Autonomous cars, self-driving cars, “robot” cars — no matter what you call them, these wonders of modern technology are coming to American roads, with companies like Google currently testing on public streets. But they’re not likely to become common sights on your everyday commute until the country tackles some important questions about risk, innovates its insurance model, and wrestles with what’s going to be a piecemeal upgrade from traditional cars to self-driving vehicles.
Right now, self-driving cars are being regulated almost completely at the state level. Despite a 2013 National Highway Traffic Safety Administration (NHTSA) policy statement that talks about categories and descriptions of self-driving vehicles, many of the most visible regulations, including reporting requirements, are being handled by the few states that really have any significant volume of robot car testing being done on public roads.

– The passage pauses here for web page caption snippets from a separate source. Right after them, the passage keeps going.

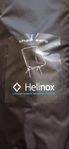 Helinox Chair Zero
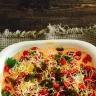 Fantastic Mexican Dip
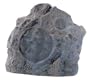 Niles RS5 Outdoor rock speaker Granite RS5GRANITE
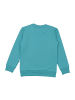 Walkiddy Sweatshirt Australian Animals-Sweatshirt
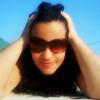 Avatar de belen13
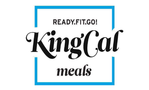 KingCal Kitchen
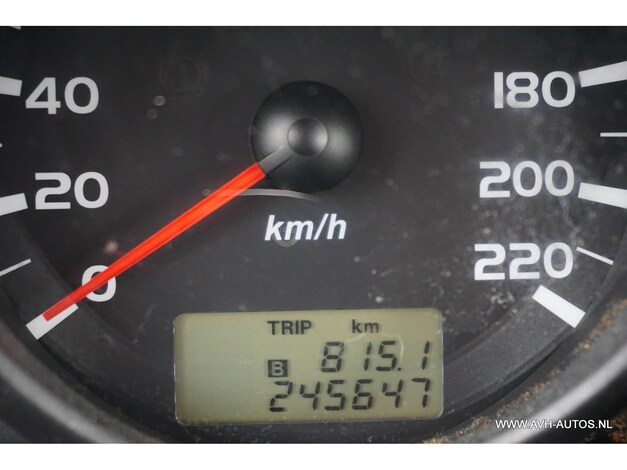 Mitsubishi-Colt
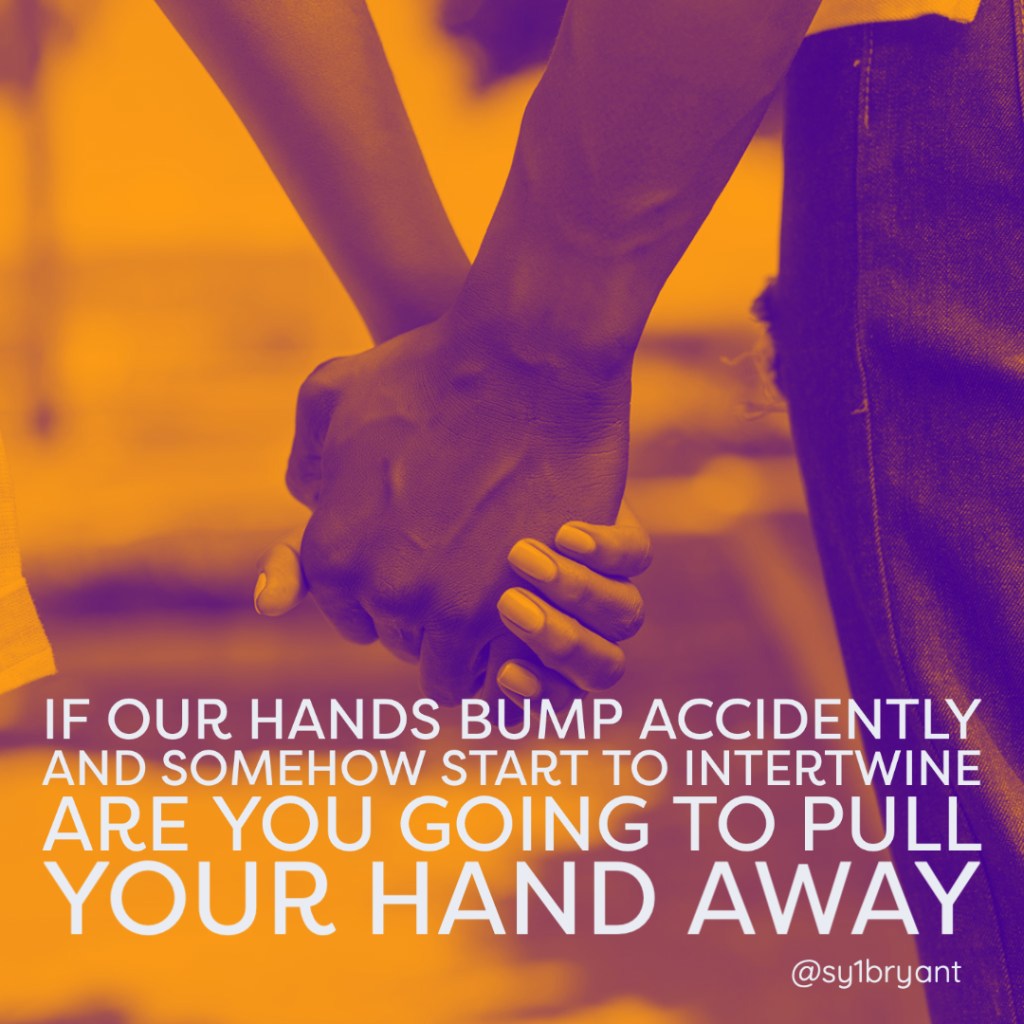 What Does It Even&nbsp;Mean?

The NHTSA insists it has the responsibility to regulate autonomous cars, and cites its research on braking systems, V2V (vehicle to vehicle) systems and other new technologies. “As NHTSA’s research and experience develop, NHTSA will determine whether it should encourage and/or require application of the most promising crash avoidance technologies through regulation,” the policy states.

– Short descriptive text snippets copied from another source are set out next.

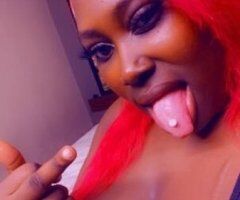 milk marie💦💋😘 - Image 9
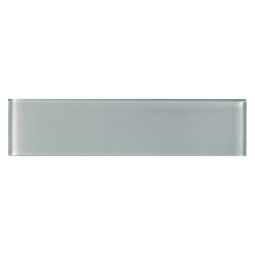 Bliss Brick - Glass  3x 12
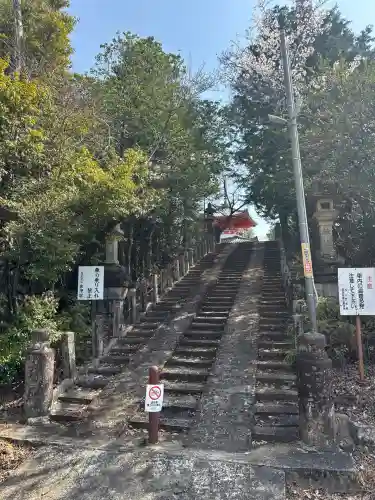 泉浄院(愛知県)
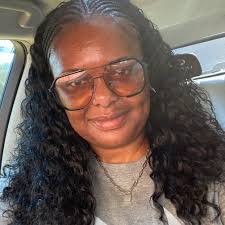 Baltimore Ravens added a new photo.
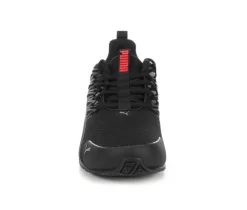 Men's Puma Voltaic Evo Sneakers
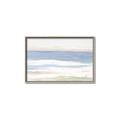 Picture of Reconciliation   _GroupedProduct_Rectangle_Landscape_Canvas_Framed_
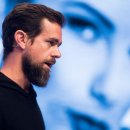 stay_at_da 이미지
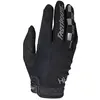 Fasthouse Gants Speed Ridgeline 2XL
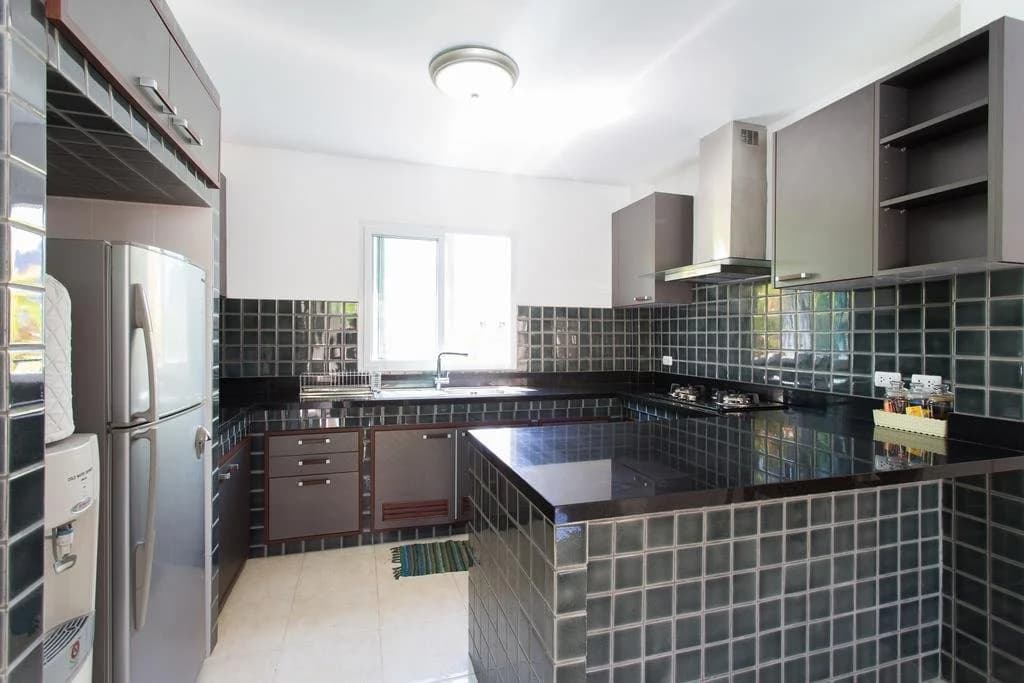 Baan Andaman - photo 15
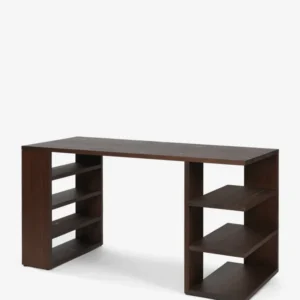 bureau edre Ferm Living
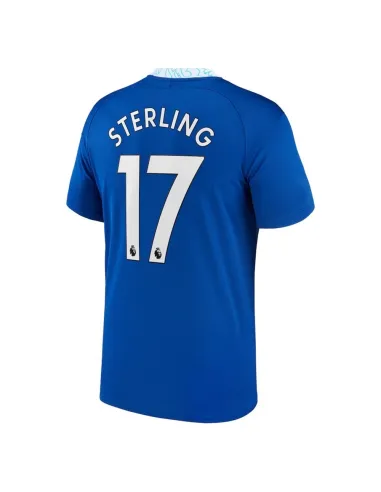 CHELSEA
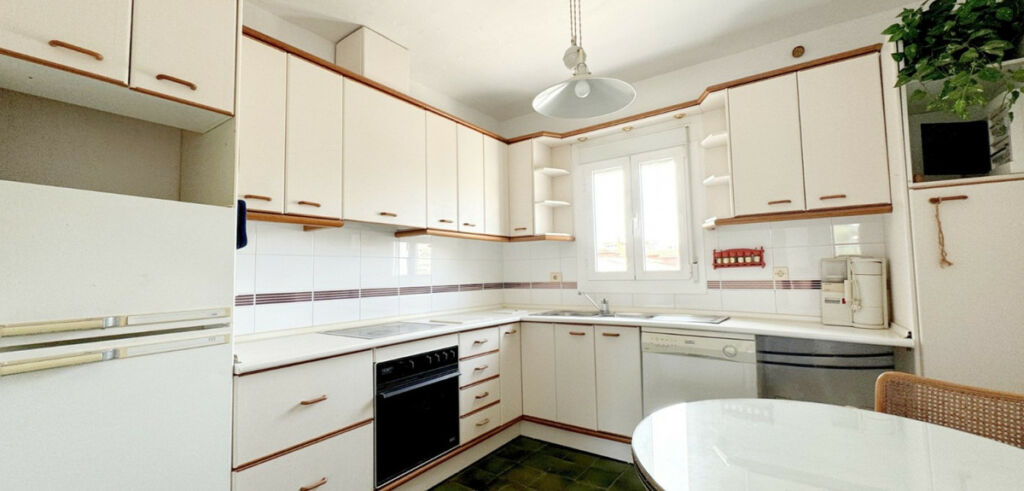 Detached Villa La Zenia Alicante - image 18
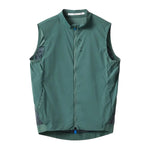MAAP Flow Vest - Dark Balsam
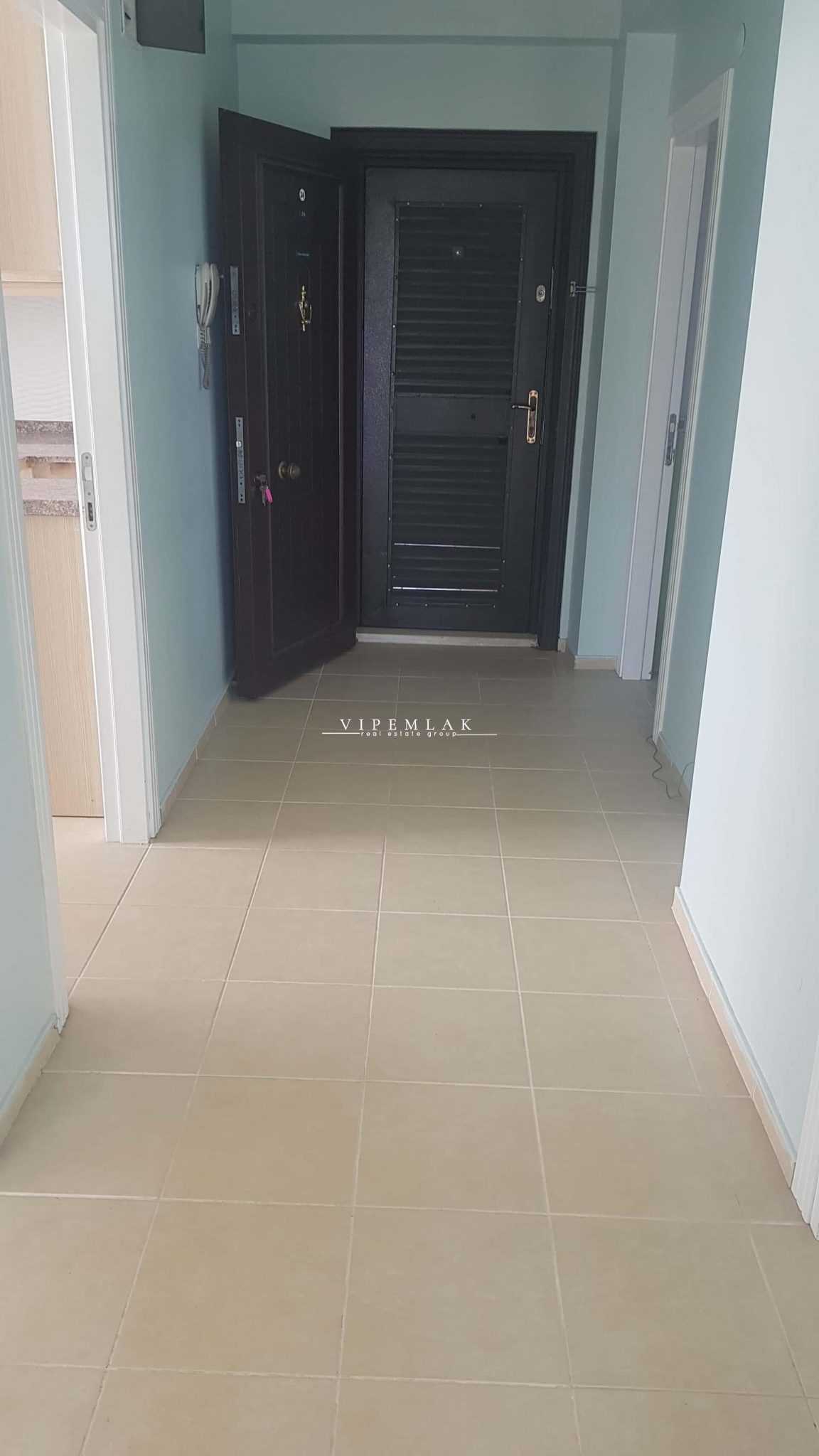 ERDEMLİ MERKEZDE 3+1 BAĞIMSIZ MUTFAK ACİL SATILIK UYGUN FİYATLI DAİRE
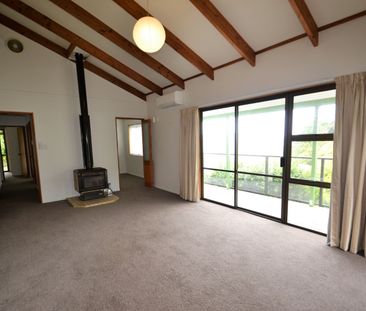 19 Paremata Street, Atawhai, Nelson - Photo 6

Although the federal regulator might be doing a lot of this behind-the-scenes research, it is not currently coming out with concrete rules for handling collisions related to self-driving cars, leading to articles like this one from Wired. It spells out a lot of the troubling questions that the federal regulator’s work leaves for safety advocates, including the major issue of why states should be responsible for demanding reporting through their offices.

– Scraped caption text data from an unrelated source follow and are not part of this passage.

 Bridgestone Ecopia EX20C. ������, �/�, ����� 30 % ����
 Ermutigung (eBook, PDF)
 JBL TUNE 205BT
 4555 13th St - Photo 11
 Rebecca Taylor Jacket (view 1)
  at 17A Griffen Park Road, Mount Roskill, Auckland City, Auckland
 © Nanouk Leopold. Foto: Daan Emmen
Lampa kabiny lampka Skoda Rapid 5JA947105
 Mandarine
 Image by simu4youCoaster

To add to the puzzle, as reported here, some companies, such as Google and Mercedes-Benz, told a 60 Minutes interviewer that their offices would accept liability in cases where an autonomous car is found to be at fault. But where is the regulation?
Of the handful of states taking initiative, California is number one, and it is likely to be the place where most of the regulations wrangling will occur.
In a recent press release, Consumer Watchdog, a nonprofit at the vanguard of the push for more rules on driverless cars, announced how the California Department of Motor Vehicles has agreed to require public reporting of any roadway accident involving these computer-piloted vehicles.
The DMV lists all of these reports on its website. It’s easy to click on and view the interesting details of these incidents, as in this August 20 report from Google involving a stop at a pedestrian crosswalk. Many of these crashes are the fault of a human driver, not a self-driving car, but some of them involve the kinds of ambiguous cues that other drivers can take from a vehicle with a computer at the helm.
While he’s “delighted” that the DMV took the steps to acquire public reporting, Simpson suggests that the companies currently testing these autonomous cars might feel like self-reporting really isn’t in their best interests. At the same time, he explains, being able to look at more current information will help transportation departments make good choices on setting up future rules.
“We’ve been pushing very hard all along for as much transparency as possible,” Simpson says. His organization also wants to see event recorders in the vehicles as an additional means of verification. “I’m not a Luddite,” he added, noting that these new technologies may “improve safety tremendously,” provided they are introduced and monitored in common-sense ways.
The biggest problem, he says, is that even though there’s a lot of innovation being done, the vast majority of Americans are still driving traditional vehicles.
It’s not hard to imagine the enormous challenges and complexities that will face state and federal regulators as more self-driving cars come onto the scene. Perhaps the biggest problem is the issue of mixed adoption. Automakers have suggested that they will commit to putting items like sensor-based braking systems in all new vehicles, but consumers still have to buy these new products.
With nearly 30 years of automotive technology on the road at any one time, it’s not likely that any kind of upgrade is going to be a smooth process. Instead, we’re likely to see a lot more scrutiny of regulations that are currently pretty bare-bones, as self-driving cars remain the outlier for another couple of decades.